Final­ly tak­ing that long-dis­tance trekking trip? Here are some tips on essen­tial items you might need to pack for a mul­ti-day trek.


Your Pack: Adven­ture-wor­thy packs must be tough enough to sur­vive more than beat­ings from air­port con­vey­or belts; it should thwart the ele­ments atop rusty bus­es, endure inad­ver­tent stomp­ings by curi­ous locals, and wel­come myr­iad abus­es by fare-hun­gry cabbies—all while keep­ing your pre­cious belong­ings safe and sound. For a trekking trip, you’ll prob­a­bly want one sol­id back­pack­ing bag, one tough enough so that you can trust it any sit­u­a­tion, but also one that will be light­weight. No one wants to trek the 12 days to Ever­est Base Camp with an unnec­es­sar­i­ly heavy pack.

Clothes: Today’s trav­el and expe­di­tion clothes are not just pieces of tough mate­r­ial: your clothes are sun­screen, bug repel­lant, and a cool­er for your core. They should have mois­ture wick­ing prop­er­ties and be able to be worn to din­ner, the office, or on a steam­ing jun­gle trek. No trav­el kit is com­plete with­out light­weight clothes. It’s high­ly rec­om­mend­ed for long-dis­tance treks that you pack a small num­ber of clothes that can be worn across mul­ti­ple days. Qual­i­ty over quantity!

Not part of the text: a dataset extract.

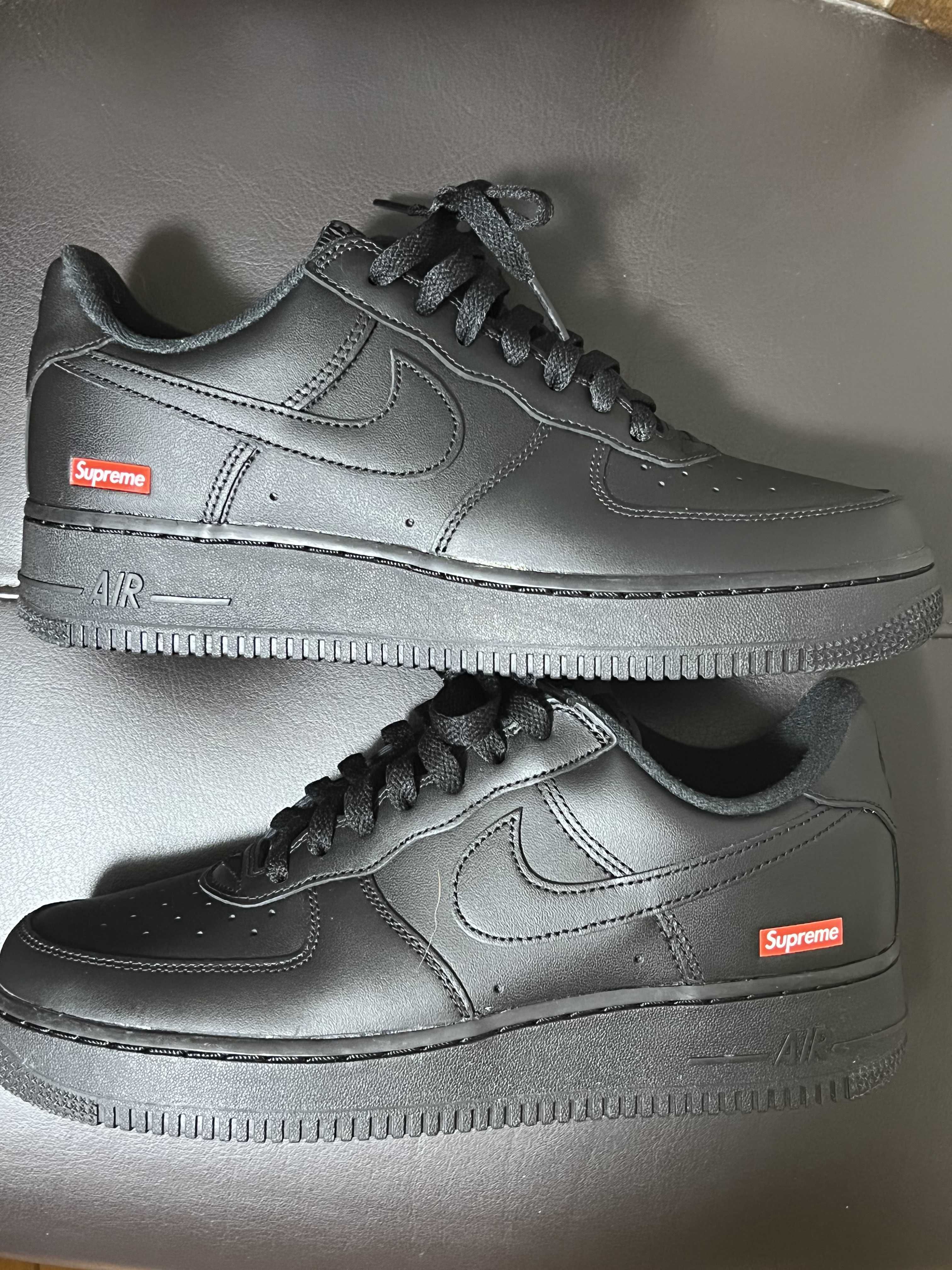 Supreme × Nike Air Force 1 Low "Black"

Footwear:  The footwear you bring on trekking trips should be durable and com­fort­able, prefer­ably high-top hik­ing boots that can be worn for long-dis­tances. In recent years, how­ev­er, many long-dis­tance hik­ing afi­ciona­dos have tak­en to more pared down footwear. It’s not an uncom­mon sight to see some­one hik­ing the PCT in a pair of per­for­mance hik­ing shoes that don’t go any high­er than their ankle. What­ev­er you choose, make sure you’ll feel com­fort­able trekking many miles over mul­ti­ple days with your cho­sen footwear. Pro-tip: Pack mole­skin pads and duct tape. These will save your life if blis­ters start to arise. 

Sleep­ing: These are often high­ly trip spe­cif­ic, but chances are if you’re going on a mul­ti-day trek, you’ll be doing it in the warmer months. This means you’ll want to bring a light­weight sleep­ing bag and sleep­ing pad, and depend­ing on if you’re on a guid­ed adven­ture or not, a tent. It’s impor­tant that these items pack down tight­ly. You don’t want to lug around that huge hand-me-down sleep­ing bag you use for car camp­ing on a long-dis­tance trek.

Acces­sories: Many of these will often be spe­cif­ic to your trip, but the essen­tial trekking acces­sories range from bear spray to band-aids. What­ev­er your trip may be, we rec­om­mend you thor­ough­ly research what exact­ly you’ll need on the trek. More often than not, you’ll want a head­lamp, a water bot­tle, and a pock­et knife. As far as extra­ne­ous acces­sories, you might want to bring a book or Kin­dle: no one likes being tent bound for a day with noth­ing to do but twid­dle your thumbs.